## TASK BRIEF
Output every line below exactly, please, omitting pictures.

[Data entries]
----
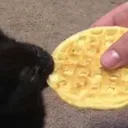 GrangersCat Discord Emoji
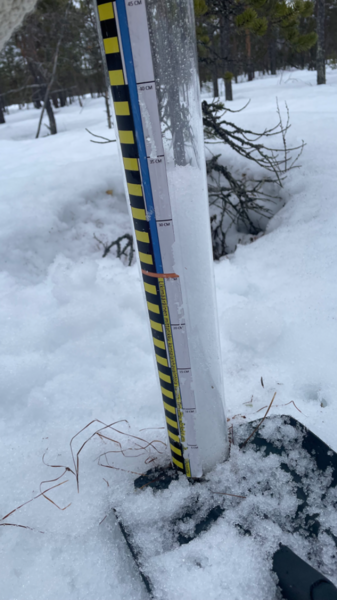 Jerisjoen alaosan alue (67.471)-Havaintopaikka 3-ObsSNOW-202604061650-69d3bae41d7eb.png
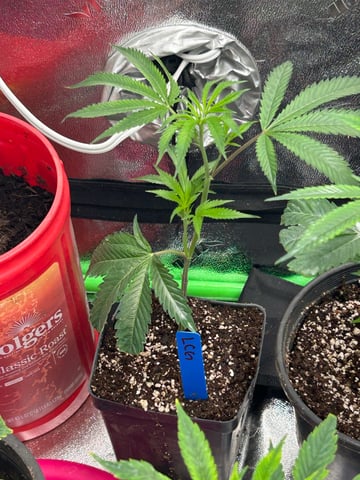 first indoor tent grow — vegetative, day 1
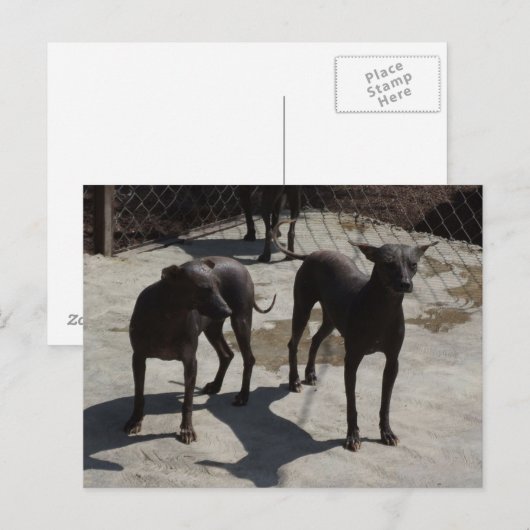 2 xolos briefkaart (Voorkant / Achterkant)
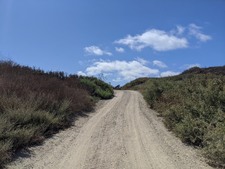 Enlarge photo 40
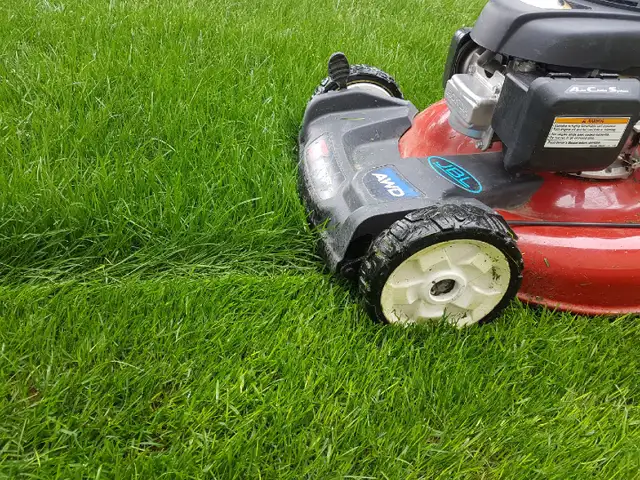 Lawn Service - Weed Control - Tree Trimming - 529-5554 in Lawn, Tree Maintenance & Eavestrough in Medicine Hat - Image 2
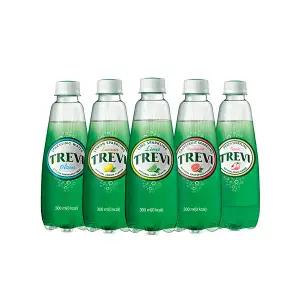 [본사직영] 롯데 트레비 4종 300ml x 40펫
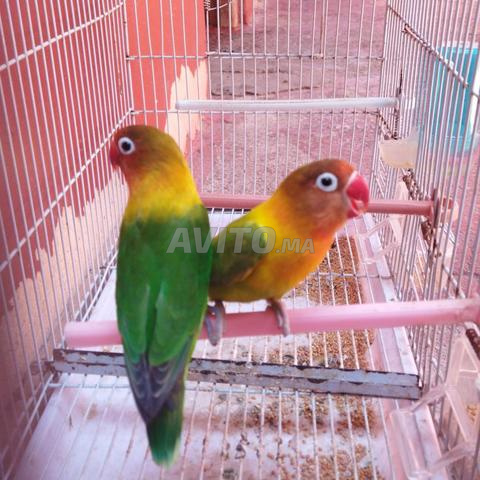 Couple Fischer - 2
----
## WRITTEN ANSWER
 GrangersCat Discord Emoji
 Jerisjoen alaosan alue (67.471)-Havaintopaikka 3-ObsSNOW-202604061650-69d3bae41d7eb.png
 first indoor tent grow — vegetative, day 1
 2 xolos briefkaart (Voorkant / Achterkant)
 Enlarge photo 40
 Lawn Service - Weed Control - Tree Trimming - 529-5554 in Lawn, Tree Maintenance & Eavestrough in Medicine Hat - Image 2
 [본사직영] 롯데 트레비 4종 300ml x 40펫
 Couple Fischer - 2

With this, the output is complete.